Dominion Energy to buy Scana, assume failed nuclear project costs
Dominion Energy Inc (D.N) said on Wednesday it would buy Scana Corp (SCG.N) in an all-stock deal worth about $7.9 billion, offering the utility a way to appease customers and investors angered by the cost of a failed nuclear project.
Richmond, Virginia-based Dominion will pay Scana’s customers $1.3 billion, averaging about $1,000 for each customer, and has promised to cut bills by 5 percent to appease users who have been overcharged for years as Scana funded the nuclear project.
Shares of Dominion, which will also assume Scana’s debt of $6.7 billion, were down 4 percent in after-market trading.
Dominion’s $55.35 per share offer represents a premium of 42.4 percent to Scana’s Tuesday close. South Carolina-based Scana’s shares were trading well below the offer price at $47.89, suggesting some investors were skeptical of the deal.

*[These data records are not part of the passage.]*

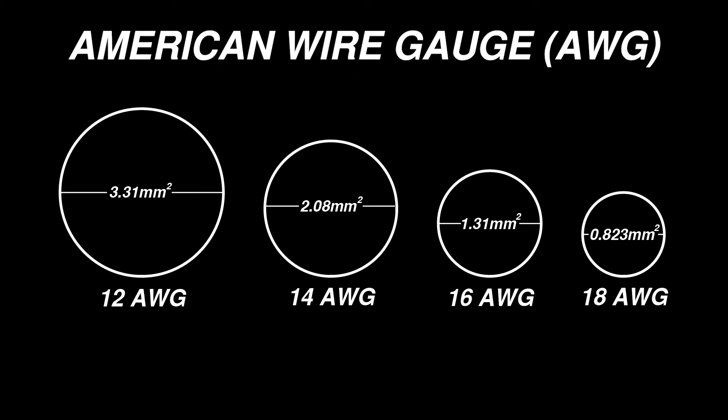The most common speaker wire gauges are 12, 14, 16, and 18 gauge. The thickness of speaker wire you choose is important because it will affect the overall resistance of the speaker circuit, and therefore it will affect the power transfer between the amplifier and the speaker.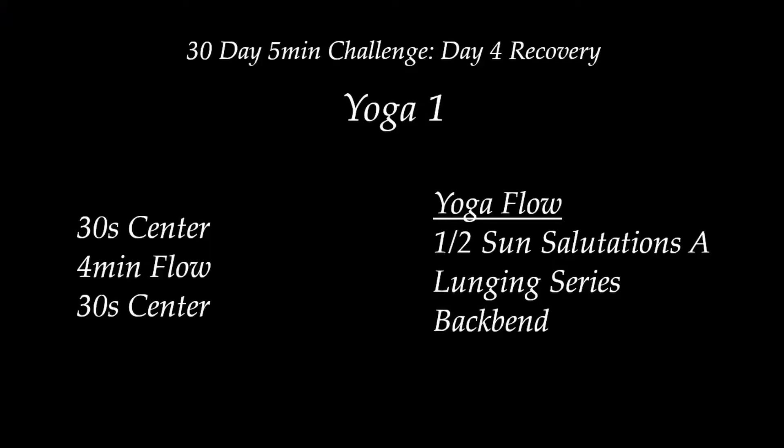We'll start with about 30 seconds of breath work in a forward fold, and then we'll move on to a couple half sun salutation A's linking breath to movement, followed by a lunging series, one backbend, and then end with seated breath work.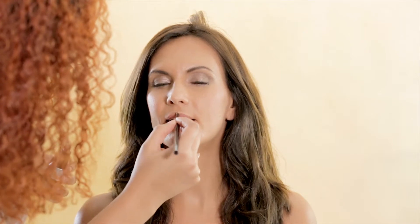I apply to her lips Make Up For Ever's Artist Rouge Cream Lipstick in Mocha Beige. This creamy lipstick is perfect because her lips won't look too matte nor too glossy — it's something in between.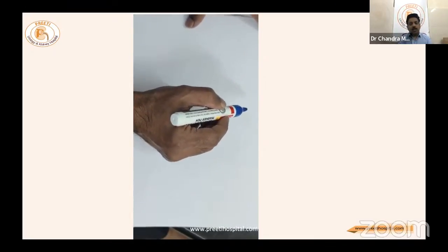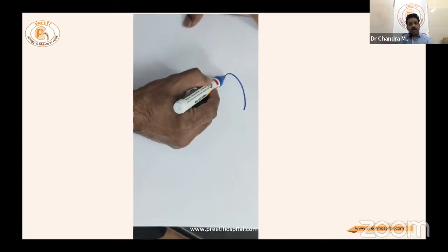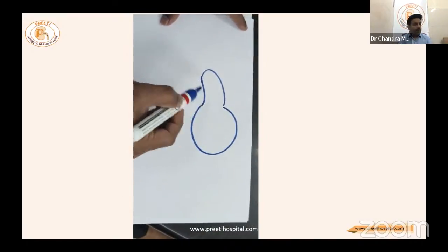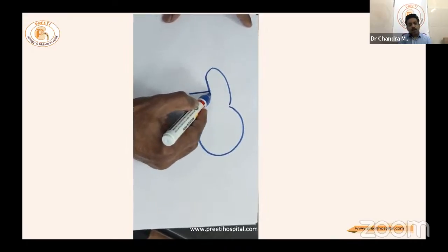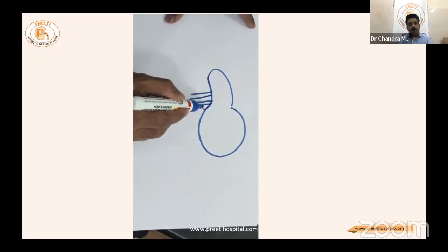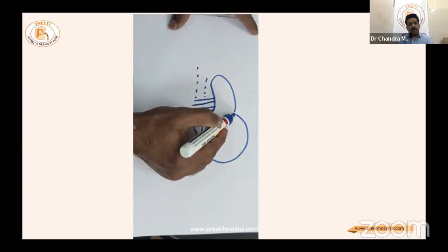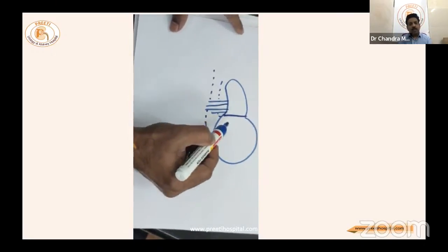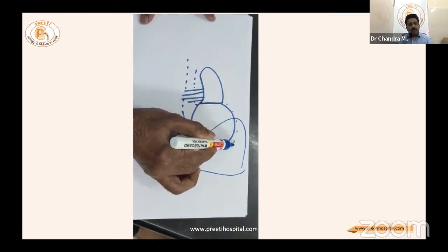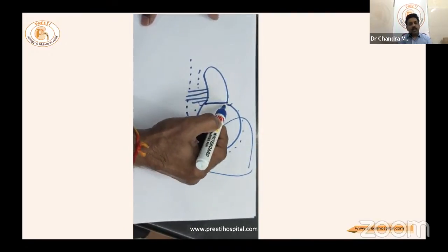In a non-functioning kidney, the upper pole will usually be dilated — a hydronephrotic kidney will be present there. The renal artery and renal vein predominantly supply the lower pole only, while a large dilated ureter goes into the upper pole. There is a dividing line between the upper and lower poles, with the liver and spleen covering the area, requiring retraction.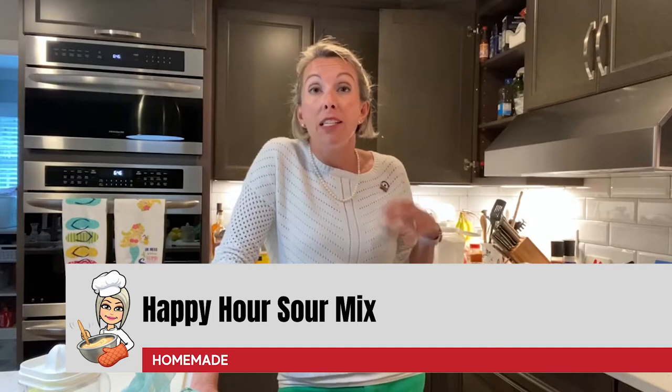Hey friends, Lee Brown here and welcome back to My Kitchen, My Rules. As it turns out, you people have opinions about things and you have lots of requests. After I made my margaritas for Cinco de Mayo and showcased my bartender's Rolodex, it slipped out that I was using store-bought sour mix because I hadn't had a chance to make my own. So I got several requests: how can you tell us how to make your sour mix if it's so good? So, all right, here you go.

Scana, which owns the South Carolina Electric & Gas Co (SCE&G), has been under pressure since it scrapped the V.C. Summer nuclear project in July after spending about $9 billion on it with state-owned utility Santee Cooper.
The company received a subpoena in October from the Securities and Exchange Commission related to an investigation of the nuclear project.
Scana was funding some of the project’s costs from SCE&G, a move that angered customers and led to the utility rolling back electricity rates for residential users.